Pokémon Go, c’est un moyen de me remettre les larmes aux yeux en pensant à mon enfance heureuse, en contraste direct avec ma vie d’adulte aussi fun que de skier sur des galets sous la grêle. En voyant la bande annonce (VISIBLE ICI), j’ai trépigné avec ma tartine de confiture d’abricots (ouais je suis gourmet maintenant). On allait nous promettre de se balader dans la vraie vie et de croiser des petites bêtes virtuelles pour les capturer. J’allais forcément avoir l’air très intelligent devant mon smartphone mais je sentais à nouveau ce petit goût de chocapic dans ma bouche et surtout, du bonheur.

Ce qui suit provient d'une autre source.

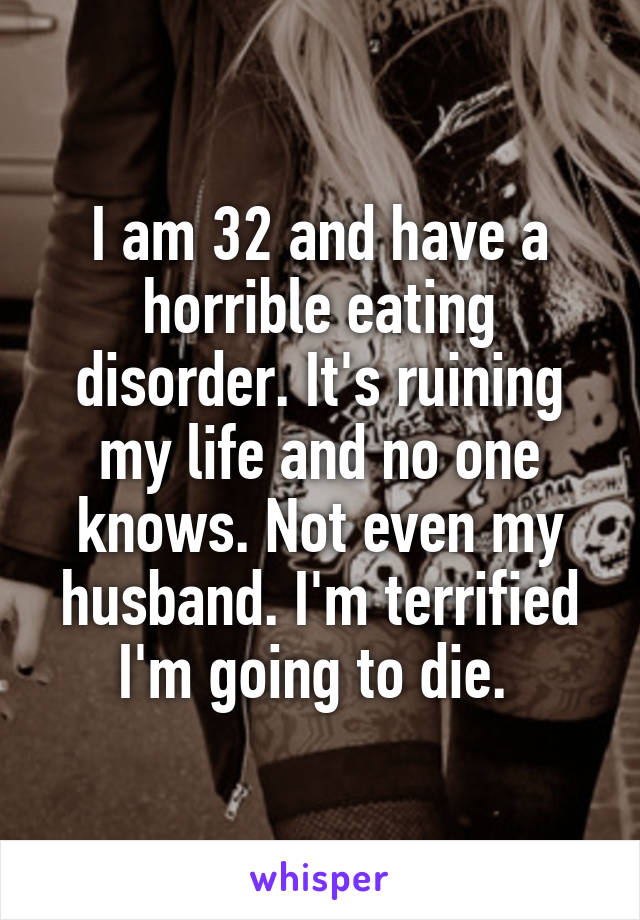 I am 32 and have a horrible eating disorder. It's ruining my life and no one knows. Not even my husband. I'm terrified I'm going to die.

Dimanche dans la fin de matinée, je me réveille, l’épi au rendez-vous, et vais prendre le petit déjeuner. Sur mon téléphone, des tas de messages et SMS. Plus que pour mon anniversaire. J’espère qu’il n’est rien arrivé…et soudain « Pokémon Go est maintenant disponible sur votre mobile ».
Je fais mon ménage à fond comme tous les dimanches, et laisse mon portable se recharger à bloc (l’appli consomme beaucoup). Avant de sortir, je crée mon personnage dans l’appli, et boum, un salamèche apparaît dans ma chambre. Un salamèche c’est une salamandre, avec une queue en feu. Logique. J’appuie en bas de l’écran sur la pokéball (une capsule bicolore pour capturer les pokémons), et la lance d’un geste vers le haut de l’écran en plein sur la tite bestiole. Elle est aspirée dans un rayon lumineux, et après quelques petits mouvements de la ball, est capturée. C’est mon « starter », mon premier pokémon. Tout de suite après je me fais assaillir, encore chez moi, par d’autres bestioles, que j’ajoute à ma collection.
Dehors, les gens sont principalement en train de jouer. Par petits groupes, de jeunes, de vieux, de femmes, d’hommes, certains promènent leur chien, d’autres sont en rollers, en vélo…les chaînes info se félicitaient de voir les « geeks » sortir mais là c’est même surprenant pour moi.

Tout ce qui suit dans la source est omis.